EEA nationals and certain family members who are living in the UK by 31st December 2020 /31st October 2019 (see "time limits") can apply under the EU Settlement Scheme.

If they have been 'continuously resident' in the UK for five years or more then they will be granted settled status and therefore will be able to receive benefits including Universal Credit.

But what does "continuously resident" mean?

'Continuously resident' is referred to in The Statement of Intent  and in Appendix EU to the Immigration Rules as a 'continuous qualifying period' which basically just means having lived the UK for a period of five years or more with no gap of six months in any twelve month period. 

Some longer gaps are allowed where there are "important reasons" for being absent; whereas some people (certain prisoners and those due to be deported) are excluded from eligibility for settled status. There are also some specific circumstances in which less than five years' absence is required (set out in 3.7 of the Statement of Intent) - see "Can an EEA national be eligible for Settled Status with less than 5 years' continuous residence?" below.
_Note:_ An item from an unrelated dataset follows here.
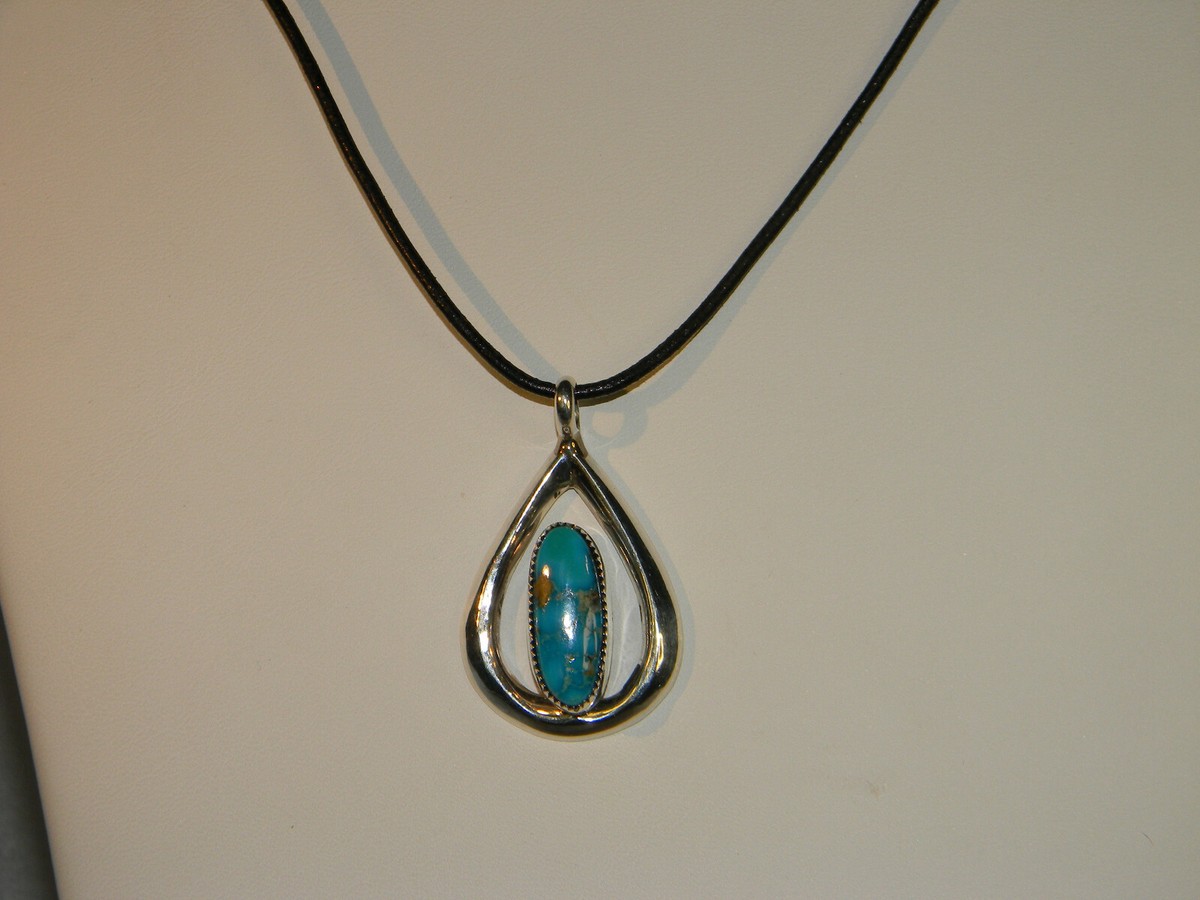 Sterling Silver Turquoise Teardrop Pendant on Black Leather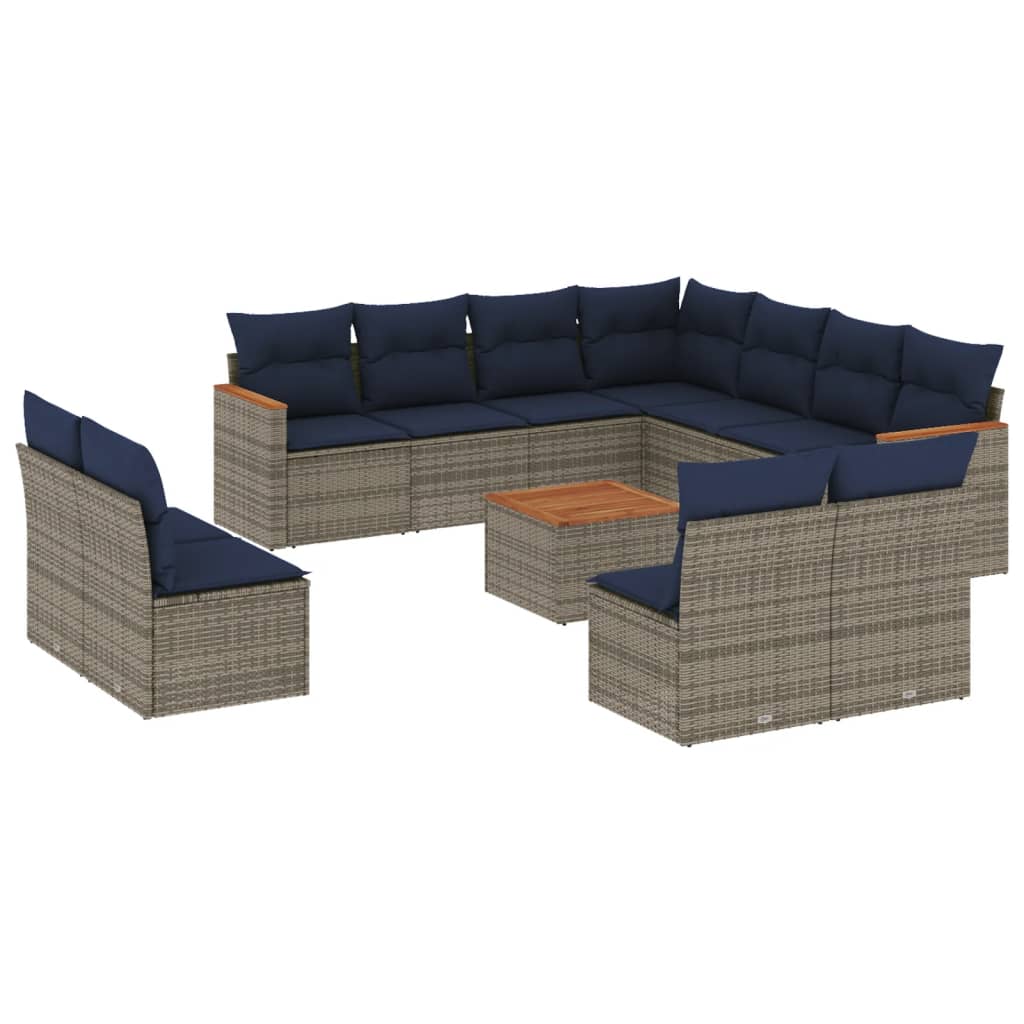 12-delige tuinbankset met kussens, grijs polyrotan is nu te koop bij PeponiXL, paradijselijk wonen!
In order to be granted settled status, the EEA national / family member just has to have lived in the UK without being a 'serious criminal' - they do NOT need to have had a "right to reside" under the Immigration (EEA) Regulations 2016 - eg worker or retained worker status, or been "self sufficient",  throughout the five years. 
However, applications should be easier and quicker for those who already have proof of permanent residence status.

Example of five years' continuous residence

Julia, Italian, moved to the UK seven years ago, when she married Brian who is British. She has no children and has only worked for a couple of years when she first arrived. Brian has left her and she has no idea where he is. Under the 'habitual residence test"' rules she would not be found to have a right to reside, but as she has resided continuously in the UK for five years she is eligible for settled status. (She might have difficulty providing evidence though.)

What if they are not in the UK on 31st December 2020 /Brexit day?

If an EEA national is not in the UK on this date, but has previously been continuously resident in the UK, they may still count as continuously resident eg if they are on holiday or working temporarily abroad.

Can an EEA national be eligible for Settled Status with less than 5 years' continuous residence?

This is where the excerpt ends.